Il ressort de l'acte de signification que le 29 juin 2022 à 6h02 Me [T] a signifié à M.[X] « une ordonnance rendue sur requête par Madame la Vice Présidente du tribunal judiciaire de Rouen en date du 23 juin 2022 » dont il a laissé une copie. Il ne ressort pas de cet acte que la minute de l'ordonnance a été présentée à M. [X] et la copie agrafée à l'acte de signification n'est pas revêtue de la formule exécutoire. En outre l'acte de signification ne précise pas quelles ont été les pièces produites en annexe.
Les dispositions prévues par l'article 495 du code de procédure civile ont pour objet le respect du principe de la contradiction au stade de l'exécution de mesures préalablement autorisées selon une procédure non-contradictoire, de sorte que la circonstance que l'huissier instrumentaire ait détenu la minute n'a pas pour effet de rendre les opérations régulières si cette minute n'a pas été présentée à la personne qui subit la mesure d'instruction, l'absence de grief étant sans incidence. Ainsi, l'avis de réception de l'envoi de la grosse par l'huissier au conseil de la société Caisse d'Epargne, et la lettre de Me [T] dans laquelle il atteste qu'il était porteur de l'original du titre ne sont pas suffisants à rapporter la preuve que cet original a été présenté.
Il ne ressort pas davantage du procès-verbal de constatations du 29 juin 2022 que M. [X] a pris connaissance de l'ordonnance du 23 juin 2022 autrement que par la présentation d'une simple copie.
Cette irrégularité affecte la validité de l'ordonnance sur requête du 23 juin 2022. L'ordonnance du 28 février 2023 sera infirmée en toutes ses dispositions et l'ordonnance du 23 juin 2022 sera rétractée.
Le procès-verbal de constatations du 29 juin 2022 sera en conséquence déclaré nul.
En conséquence de ce qui précède, il est ordonné à Me [M] [T] commissaires de justice associé de la Selarl [T] et Associés ou à la SA Caisse d'Epargne et de Prévoyance Normandie si le commissaire de justice s'en est dessaisi de restituer à M. [X] dans les huit jours du prononcé du présent arrêt toutes les pièces saisies ou copiées le tout aux frais de la société Caisse d'Epargne et de Prévoyance Normandie.

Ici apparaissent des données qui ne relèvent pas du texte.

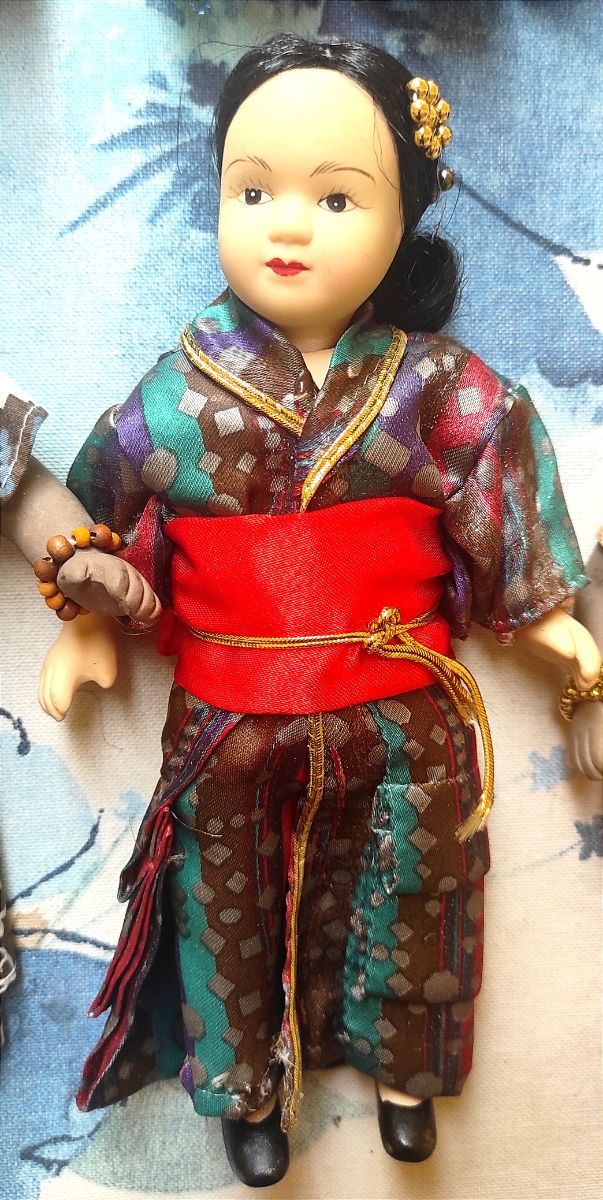 6 Muñecas Porcelana - Vestidos Trajes del Mundo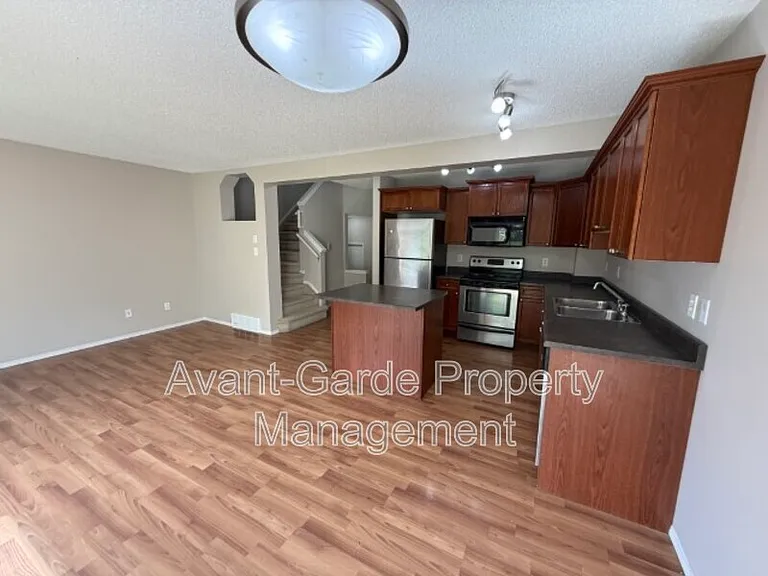 57 Vaughn Ave — Photo 4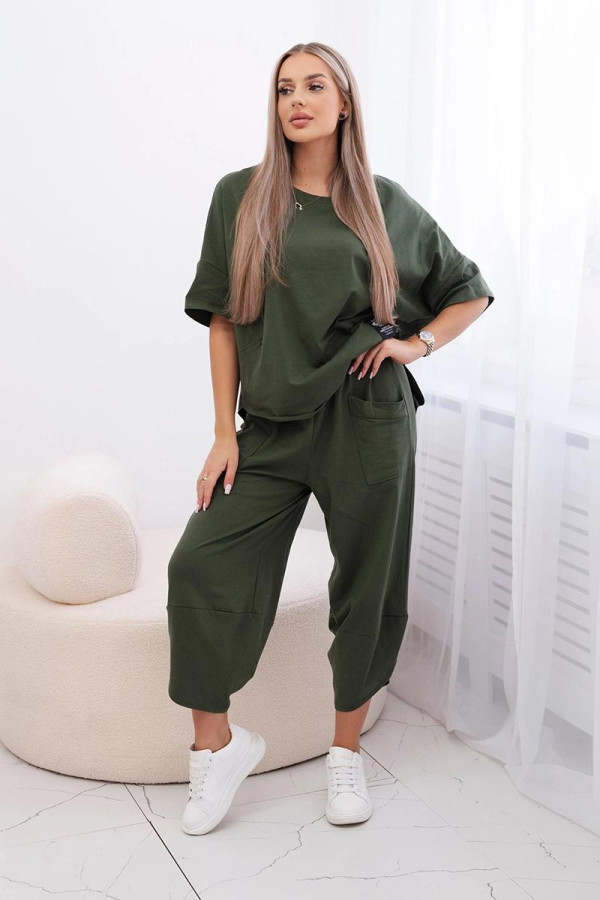 Tuta modello Japan a mezza manica in leggerissimo tessuto di viscosa in colore verde militare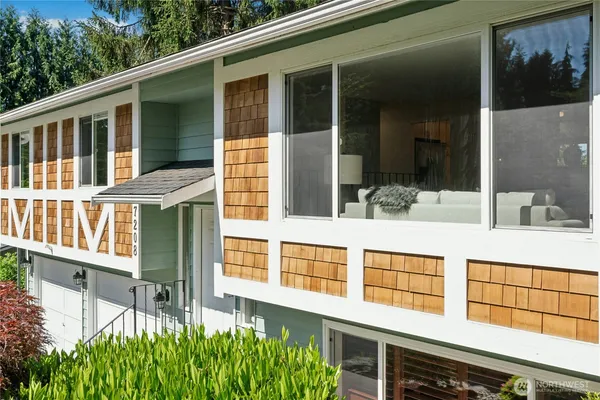 $999,998 | 7208 Marwood Place, Woodinville, WA 98072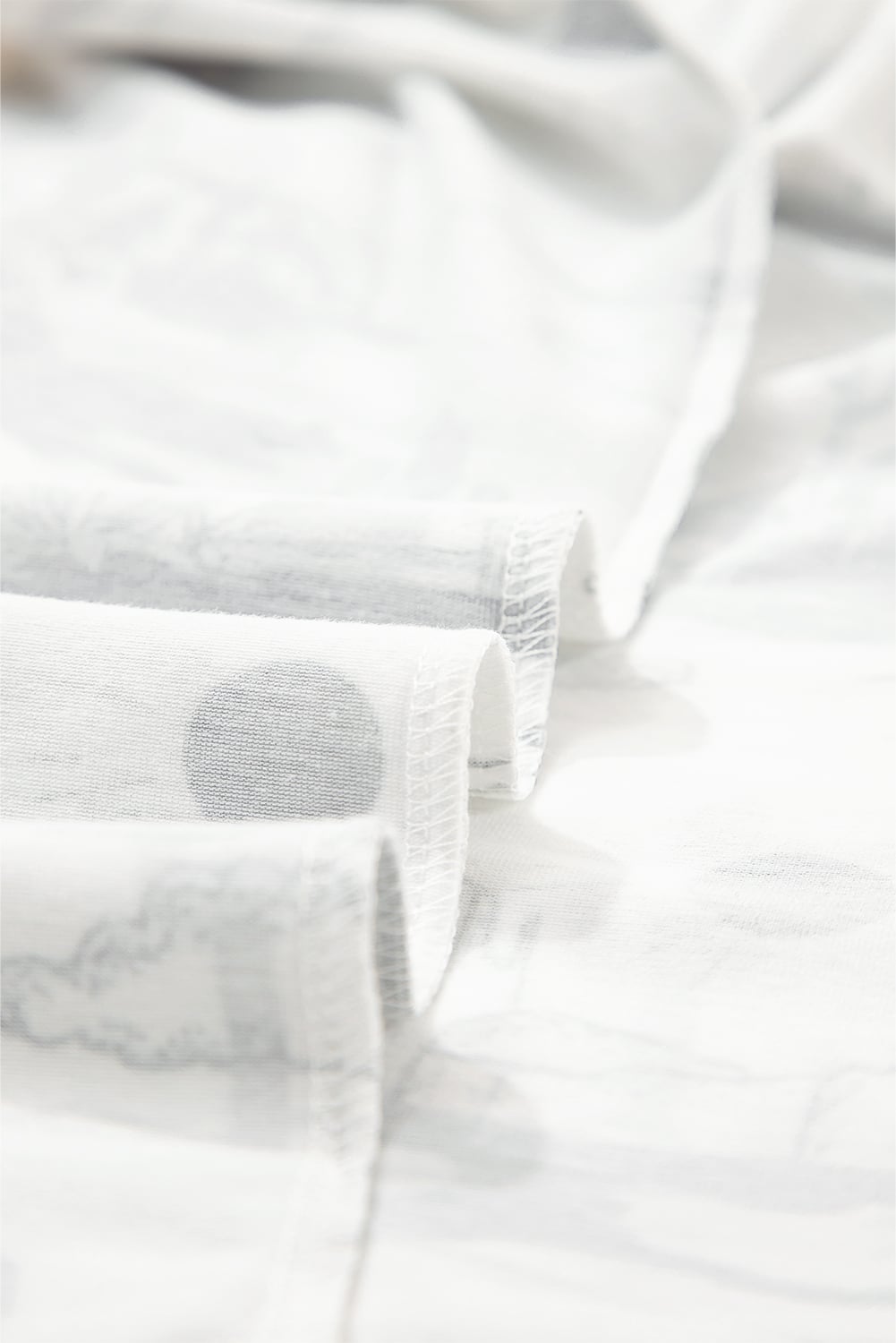 White Desert Sand Print Short Sleeve Knit Top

Il est aussi interdit à cette dernière de faire usage de ces pièces pour quelque motif que ce soit.
PAR CES MOTIFS
La cour, statuant par arrêt contradictoire :
Infirme l'ordonnance entreprise en toutes ses dispositions ;
Statuant à nouveau :
Rétracte avec toutes conséquences de droit l'ordonnance sur requête rendue le 23 juin 2022 par le Président du tribunal judiciaire de Rouen à la requête de la société Caisse d'Epargne et de Prévoyance Normandie ;
Déclare nul le procès-verbal de constatations du 29 juin 2022 établi en son exécution ;
Ordonne à Me [M] [T] commissaires de justice associé de la Selarl [T] et Associés ou à la SA Caisse d'Epargne et de Prévoyance Normandie si le commissaire de justice s'en est dessaisi de restituer à M. [X] dans les huit jours du prononcé du présent arrêt toutes les pièces saisies ou copiées le tout aux frais de la société Caisse d'Epargne et de Prévoyance Normandie ;
Dit qu'il est interdit à la société Caisse d'Epargne et de Prévoyance Normandie de faire usage de ces pièces pour quelque motif que ce soit ;
Condamne la Caisse d'Epargne et de Prévoyance Normandie aux dépens de première instance et d'appel ;
Condamne la Caisse d'Epargne et de Prévoyance Normandie à verser à M. [X] la somme de 2 000 € au titre de ses frais irrépétible de première instance et d'appel.